Since the beginning of 2015, shares of 'wonder-stock' Liquefied Natural Gas Ltd (ASX: LNG) are up an incredible 47%, compared to a 9.5% return from the S&P/ASX 200 (Index: ^AXJO) (ASX: XJO).
Click to enlarge. Source: Google Finance.
Whilst much of the company's gains so far this year can be put down to the positive movements around the oil price, the next three to six months will be vital for the company's share price.
Both of LNGL's subsidiaries in North America have important milestones to reach before mid-2015.
Magnolia LNG, located in Lake Louise, Louisiana USA, has previously said it'll reach financial close by mid-2015. That means, the proposed eight million tonnes per annum (8mtpa) LNG tolling facility will have to secure binding tolling agreements, pass regulatory hurdles and have a bankable EPC contract.
Further north in Nova Scotia, Canada, LNGL's Bear Head LNG facility is also being prepared for its important milestone come mid-2015. Originally proposed as an 8 mtpa facility, LNGL said yesterday Bear Head would now target an expansion to 12mtpa in 2024. Bear Head has filed an application to export gas from the US to its facility in Canada and has also applied for LNG exports to Free Trade Agreement (FTA) and Non-FTA countries.
Should you buy Liquefied Natural Gas shares?
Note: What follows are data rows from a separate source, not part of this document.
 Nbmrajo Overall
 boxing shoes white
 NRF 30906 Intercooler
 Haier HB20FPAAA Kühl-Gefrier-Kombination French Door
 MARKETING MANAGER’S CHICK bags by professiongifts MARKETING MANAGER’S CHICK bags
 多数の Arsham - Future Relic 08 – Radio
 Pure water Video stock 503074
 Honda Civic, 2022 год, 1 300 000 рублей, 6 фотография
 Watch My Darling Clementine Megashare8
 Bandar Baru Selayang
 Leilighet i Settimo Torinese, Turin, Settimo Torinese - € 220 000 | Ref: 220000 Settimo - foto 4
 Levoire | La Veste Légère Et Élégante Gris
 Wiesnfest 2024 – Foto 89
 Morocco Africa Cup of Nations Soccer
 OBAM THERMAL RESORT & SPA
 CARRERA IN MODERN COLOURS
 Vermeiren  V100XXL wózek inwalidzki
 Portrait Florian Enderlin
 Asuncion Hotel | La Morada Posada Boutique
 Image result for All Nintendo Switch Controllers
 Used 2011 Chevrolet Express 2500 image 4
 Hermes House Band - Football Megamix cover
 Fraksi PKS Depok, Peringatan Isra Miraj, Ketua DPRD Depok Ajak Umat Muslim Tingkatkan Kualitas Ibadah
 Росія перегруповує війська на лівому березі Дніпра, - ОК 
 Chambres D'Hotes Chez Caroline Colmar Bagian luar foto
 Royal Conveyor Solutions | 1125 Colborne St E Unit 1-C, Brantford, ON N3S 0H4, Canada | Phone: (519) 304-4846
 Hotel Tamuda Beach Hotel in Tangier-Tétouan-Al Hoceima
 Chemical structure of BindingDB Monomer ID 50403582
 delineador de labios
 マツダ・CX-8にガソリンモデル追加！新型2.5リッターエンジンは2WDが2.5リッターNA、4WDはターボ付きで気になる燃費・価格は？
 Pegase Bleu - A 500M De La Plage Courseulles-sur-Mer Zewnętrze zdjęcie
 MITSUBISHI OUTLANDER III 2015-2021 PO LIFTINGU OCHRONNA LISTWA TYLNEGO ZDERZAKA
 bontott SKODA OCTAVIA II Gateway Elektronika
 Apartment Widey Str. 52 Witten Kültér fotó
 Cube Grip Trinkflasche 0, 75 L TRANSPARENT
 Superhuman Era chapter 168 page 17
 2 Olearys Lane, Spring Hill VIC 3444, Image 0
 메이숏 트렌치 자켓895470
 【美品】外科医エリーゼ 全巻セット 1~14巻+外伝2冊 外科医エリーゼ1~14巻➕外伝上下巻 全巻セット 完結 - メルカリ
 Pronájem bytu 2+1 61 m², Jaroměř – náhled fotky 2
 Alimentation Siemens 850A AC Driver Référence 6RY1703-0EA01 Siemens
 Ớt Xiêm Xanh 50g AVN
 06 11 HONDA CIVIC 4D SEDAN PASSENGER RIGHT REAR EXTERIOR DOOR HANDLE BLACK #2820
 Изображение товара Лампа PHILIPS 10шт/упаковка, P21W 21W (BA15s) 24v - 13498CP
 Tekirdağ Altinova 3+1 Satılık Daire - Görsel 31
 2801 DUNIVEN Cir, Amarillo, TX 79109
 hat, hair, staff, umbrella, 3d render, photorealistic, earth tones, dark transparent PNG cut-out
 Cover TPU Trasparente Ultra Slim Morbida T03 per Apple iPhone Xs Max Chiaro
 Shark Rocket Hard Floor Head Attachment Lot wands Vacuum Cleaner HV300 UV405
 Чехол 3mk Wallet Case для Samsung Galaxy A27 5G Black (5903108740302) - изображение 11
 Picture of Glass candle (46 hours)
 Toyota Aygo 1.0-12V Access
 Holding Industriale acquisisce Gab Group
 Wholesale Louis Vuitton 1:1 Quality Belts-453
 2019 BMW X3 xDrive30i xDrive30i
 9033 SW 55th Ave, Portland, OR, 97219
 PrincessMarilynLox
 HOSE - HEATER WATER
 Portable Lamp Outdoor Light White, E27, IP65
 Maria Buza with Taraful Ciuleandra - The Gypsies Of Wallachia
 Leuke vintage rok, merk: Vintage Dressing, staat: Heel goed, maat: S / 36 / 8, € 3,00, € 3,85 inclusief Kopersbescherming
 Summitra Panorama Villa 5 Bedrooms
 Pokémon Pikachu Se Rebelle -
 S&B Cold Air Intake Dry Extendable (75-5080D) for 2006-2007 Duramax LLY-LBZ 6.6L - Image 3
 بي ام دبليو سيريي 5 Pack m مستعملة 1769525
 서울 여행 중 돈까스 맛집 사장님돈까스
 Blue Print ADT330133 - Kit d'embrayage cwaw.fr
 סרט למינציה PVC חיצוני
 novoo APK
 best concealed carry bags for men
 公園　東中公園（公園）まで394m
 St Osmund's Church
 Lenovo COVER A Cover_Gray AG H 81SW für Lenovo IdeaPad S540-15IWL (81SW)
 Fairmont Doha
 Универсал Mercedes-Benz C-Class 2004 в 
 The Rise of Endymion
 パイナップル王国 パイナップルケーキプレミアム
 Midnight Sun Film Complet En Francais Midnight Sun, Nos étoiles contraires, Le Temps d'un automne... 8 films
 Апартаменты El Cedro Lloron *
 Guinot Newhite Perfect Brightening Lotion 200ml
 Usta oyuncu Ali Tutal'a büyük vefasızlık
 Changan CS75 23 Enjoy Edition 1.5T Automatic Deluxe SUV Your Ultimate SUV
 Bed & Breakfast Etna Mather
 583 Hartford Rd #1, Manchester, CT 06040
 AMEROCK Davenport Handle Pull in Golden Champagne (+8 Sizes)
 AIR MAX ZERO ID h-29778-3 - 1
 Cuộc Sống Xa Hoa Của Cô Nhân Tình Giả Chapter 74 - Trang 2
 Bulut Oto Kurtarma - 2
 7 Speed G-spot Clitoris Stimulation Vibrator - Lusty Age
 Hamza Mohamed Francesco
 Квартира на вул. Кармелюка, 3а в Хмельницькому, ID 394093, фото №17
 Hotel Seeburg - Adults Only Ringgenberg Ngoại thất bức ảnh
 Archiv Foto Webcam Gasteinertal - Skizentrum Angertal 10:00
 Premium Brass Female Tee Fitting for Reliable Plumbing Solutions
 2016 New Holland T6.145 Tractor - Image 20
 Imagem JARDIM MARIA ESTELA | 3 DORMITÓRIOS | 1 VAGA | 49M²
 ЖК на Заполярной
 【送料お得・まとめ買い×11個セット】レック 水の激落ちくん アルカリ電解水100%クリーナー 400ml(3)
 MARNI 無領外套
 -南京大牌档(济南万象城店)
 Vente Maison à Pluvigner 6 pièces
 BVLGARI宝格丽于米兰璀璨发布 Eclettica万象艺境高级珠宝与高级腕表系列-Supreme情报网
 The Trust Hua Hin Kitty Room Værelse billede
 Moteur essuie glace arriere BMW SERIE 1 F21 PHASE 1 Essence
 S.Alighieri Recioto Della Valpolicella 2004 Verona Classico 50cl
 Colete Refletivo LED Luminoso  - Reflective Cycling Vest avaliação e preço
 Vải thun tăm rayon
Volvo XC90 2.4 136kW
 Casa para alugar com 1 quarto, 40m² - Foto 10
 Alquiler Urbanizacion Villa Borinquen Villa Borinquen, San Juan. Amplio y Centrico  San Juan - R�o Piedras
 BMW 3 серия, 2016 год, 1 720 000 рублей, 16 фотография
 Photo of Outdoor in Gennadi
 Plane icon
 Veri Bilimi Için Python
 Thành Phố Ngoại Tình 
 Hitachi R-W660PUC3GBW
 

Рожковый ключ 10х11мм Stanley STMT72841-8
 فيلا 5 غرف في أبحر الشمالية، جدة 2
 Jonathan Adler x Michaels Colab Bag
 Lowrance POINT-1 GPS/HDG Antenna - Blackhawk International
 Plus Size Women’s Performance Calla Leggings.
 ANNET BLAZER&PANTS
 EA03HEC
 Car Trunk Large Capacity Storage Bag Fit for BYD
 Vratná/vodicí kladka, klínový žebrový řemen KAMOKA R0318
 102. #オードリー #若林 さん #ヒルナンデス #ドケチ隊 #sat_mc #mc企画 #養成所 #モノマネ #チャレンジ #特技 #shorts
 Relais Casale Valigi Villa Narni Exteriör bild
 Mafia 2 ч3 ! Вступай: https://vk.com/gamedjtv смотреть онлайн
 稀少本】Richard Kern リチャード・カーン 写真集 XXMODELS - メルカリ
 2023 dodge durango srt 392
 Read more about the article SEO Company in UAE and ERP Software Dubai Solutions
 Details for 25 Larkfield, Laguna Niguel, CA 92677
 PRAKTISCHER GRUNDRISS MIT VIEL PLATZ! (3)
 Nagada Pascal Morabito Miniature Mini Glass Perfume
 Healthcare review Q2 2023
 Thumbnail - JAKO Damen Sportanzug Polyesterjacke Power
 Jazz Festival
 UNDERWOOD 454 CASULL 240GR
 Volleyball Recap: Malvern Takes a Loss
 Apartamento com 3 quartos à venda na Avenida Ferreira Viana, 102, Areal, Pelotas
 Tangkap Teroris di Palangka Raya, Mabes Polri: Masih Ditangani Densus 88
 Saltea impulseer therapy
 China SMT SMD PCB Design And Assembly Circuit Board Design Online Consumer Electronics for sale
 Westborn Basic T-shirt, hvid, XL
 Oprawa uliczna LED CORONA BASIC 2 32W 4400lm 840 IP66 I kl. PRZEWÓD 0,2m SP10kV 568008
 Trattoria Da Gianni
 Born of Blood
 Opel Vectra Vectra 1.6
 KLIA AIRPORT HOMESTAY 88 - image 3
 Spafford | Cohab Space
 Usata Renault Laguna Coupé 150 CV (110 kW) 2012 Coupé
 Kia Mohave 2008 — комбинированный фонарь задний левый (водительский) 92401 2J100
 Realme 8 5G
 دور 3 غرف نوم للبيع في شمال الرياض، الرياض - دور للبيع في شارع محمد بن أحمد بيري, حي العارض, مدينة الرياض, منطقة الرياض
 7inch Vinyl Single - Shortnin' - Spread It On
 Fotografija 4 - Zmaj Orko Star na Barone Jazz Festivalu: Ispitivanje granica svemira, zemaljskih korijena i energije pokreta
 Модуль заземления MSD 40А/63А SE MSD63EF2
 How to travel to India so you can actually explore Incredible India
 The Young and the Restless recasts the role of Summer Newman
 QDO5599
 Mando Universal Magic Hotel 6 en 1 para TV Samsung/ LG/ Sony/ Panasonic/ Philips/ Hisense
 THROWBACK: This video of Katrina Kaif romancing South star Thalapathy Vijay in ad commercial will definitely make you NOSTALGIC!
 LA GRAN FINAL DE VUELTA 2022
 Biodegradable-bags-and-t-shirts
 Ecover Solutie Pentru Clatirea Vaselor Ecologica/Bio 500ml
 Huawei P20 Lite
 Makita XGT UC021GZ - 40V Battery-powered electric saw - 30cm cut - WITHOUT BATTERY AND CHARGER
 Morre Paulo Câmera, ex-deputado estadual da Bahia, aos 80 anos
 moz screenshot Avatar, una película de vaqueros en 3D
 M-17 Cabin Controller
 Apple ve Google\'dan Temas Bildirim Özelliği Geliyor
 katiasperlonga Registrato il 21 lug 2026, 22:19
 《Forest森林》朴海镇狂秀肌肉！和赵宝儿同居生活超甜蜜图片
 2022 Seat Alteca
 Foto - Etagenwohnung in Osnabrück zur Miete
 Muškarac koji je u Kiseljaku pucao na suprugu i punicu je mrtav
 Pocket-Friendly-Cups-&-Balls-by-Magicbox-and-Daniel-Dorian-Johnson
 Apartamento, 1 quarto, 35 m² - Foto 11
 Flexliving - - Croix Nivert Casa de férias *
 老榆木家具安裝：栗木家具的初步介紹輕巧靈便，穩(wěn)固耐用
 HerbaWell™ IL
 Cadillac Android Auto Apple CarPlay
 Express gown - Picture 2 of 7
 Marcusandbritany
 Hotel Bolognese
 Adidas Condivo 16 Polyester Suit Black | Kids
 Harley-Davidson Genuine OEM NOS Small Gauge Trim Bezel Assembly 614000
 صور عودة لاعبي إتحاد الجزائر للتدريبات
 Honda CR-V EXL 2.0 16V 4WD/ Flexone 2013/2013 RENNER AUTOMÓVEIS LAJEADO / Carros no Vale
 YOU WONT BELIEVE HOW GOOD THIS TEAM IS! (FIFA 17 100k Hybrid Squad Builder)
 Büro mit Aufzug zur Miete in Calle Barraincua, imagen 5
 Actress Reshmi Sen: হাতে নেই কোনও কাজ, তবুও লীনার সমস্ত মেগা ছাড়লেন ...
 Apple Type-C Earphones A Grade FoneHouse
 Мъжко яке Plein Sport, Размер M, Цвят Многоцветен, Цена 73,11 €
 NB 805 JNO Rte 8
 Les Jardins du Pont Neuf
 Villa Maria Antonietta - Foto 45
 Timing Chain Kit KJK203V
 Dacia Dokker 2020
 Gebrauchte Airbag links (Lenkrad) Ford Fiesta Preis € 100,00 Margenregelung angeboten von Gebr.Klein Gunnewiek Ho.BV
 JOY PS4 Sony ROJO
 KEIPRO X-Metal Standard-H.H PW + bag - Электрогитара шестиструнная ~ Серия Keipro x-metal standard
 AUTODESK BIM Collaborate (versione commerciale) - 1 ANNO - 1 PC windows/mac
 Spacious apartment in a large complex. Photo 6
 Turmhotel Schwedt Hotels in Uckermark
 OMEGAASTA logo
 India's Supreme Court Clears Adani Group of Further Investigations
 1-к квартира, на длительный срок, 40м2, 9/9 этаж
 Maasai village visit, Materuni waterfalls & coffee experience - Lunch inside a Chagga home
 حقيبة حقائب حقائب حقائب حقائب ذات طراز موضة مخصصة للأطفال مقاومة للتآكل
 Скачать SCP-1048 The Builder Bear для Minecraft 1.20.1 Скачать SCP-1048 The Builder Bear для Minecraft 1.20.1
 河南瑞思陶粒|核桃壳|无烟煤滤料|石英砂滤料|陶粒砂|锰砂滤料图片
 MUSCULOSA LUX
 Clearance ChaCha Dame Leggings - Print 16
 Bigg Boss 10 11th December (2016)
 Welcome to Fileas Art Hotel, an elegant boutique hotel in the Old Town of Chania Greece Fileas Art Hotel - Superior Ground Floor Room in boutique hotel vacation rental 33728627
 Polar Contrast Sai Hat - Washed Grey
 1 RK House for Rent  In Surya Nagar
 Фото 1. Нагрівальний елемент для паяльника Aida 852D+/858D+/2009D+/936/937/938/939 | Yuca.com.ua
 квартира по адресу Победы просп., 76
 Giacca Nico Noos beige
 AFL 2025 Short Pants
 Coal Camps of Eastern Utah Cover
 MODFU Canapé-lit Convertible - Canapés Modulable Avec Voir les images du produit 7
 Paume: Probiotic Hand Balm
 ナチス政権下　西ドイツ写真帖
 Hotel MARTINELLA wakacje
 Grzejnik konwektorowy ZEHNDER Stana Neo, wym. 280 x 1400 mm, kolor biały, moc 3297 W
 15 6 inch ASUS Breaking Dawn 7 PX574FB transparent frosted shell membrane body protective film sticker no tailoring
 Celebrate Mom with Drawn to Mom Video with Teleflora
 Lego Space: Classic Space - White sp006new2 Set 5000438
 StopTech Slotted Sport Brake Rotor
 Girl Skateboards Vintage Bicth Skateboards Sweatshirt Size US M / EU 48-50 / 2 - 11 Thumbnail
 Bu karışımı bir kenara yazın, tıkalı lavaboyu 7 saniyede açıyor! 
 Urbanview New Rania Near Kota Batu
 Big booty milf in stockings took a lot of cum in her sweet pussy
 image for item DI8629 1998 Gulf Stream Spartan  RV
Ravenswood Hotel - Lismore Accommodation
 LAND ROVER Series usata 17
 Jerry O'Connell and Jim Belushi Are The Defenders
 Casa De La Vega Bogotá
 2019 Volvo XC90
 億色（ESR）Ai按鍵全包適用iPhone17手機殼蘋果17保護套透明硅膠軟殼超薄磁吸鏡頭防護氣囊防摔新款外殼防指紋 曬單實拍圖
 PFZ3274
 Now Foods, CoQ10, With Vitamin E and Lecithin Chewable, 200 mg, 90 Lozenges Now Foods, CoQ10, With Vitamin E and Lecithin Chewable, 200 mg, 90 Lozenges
Since I originally recommended readers buy LNGL a year ago, its share price is up an incredible 1,012%. However the sustainability of its gains and any future increases come down to management's ability to deliver on its promises in the coming six months. If it doesn't, the market may be merciless in selling off the stock. However if management can execute on its strategy, the shares will likely appear cheap today.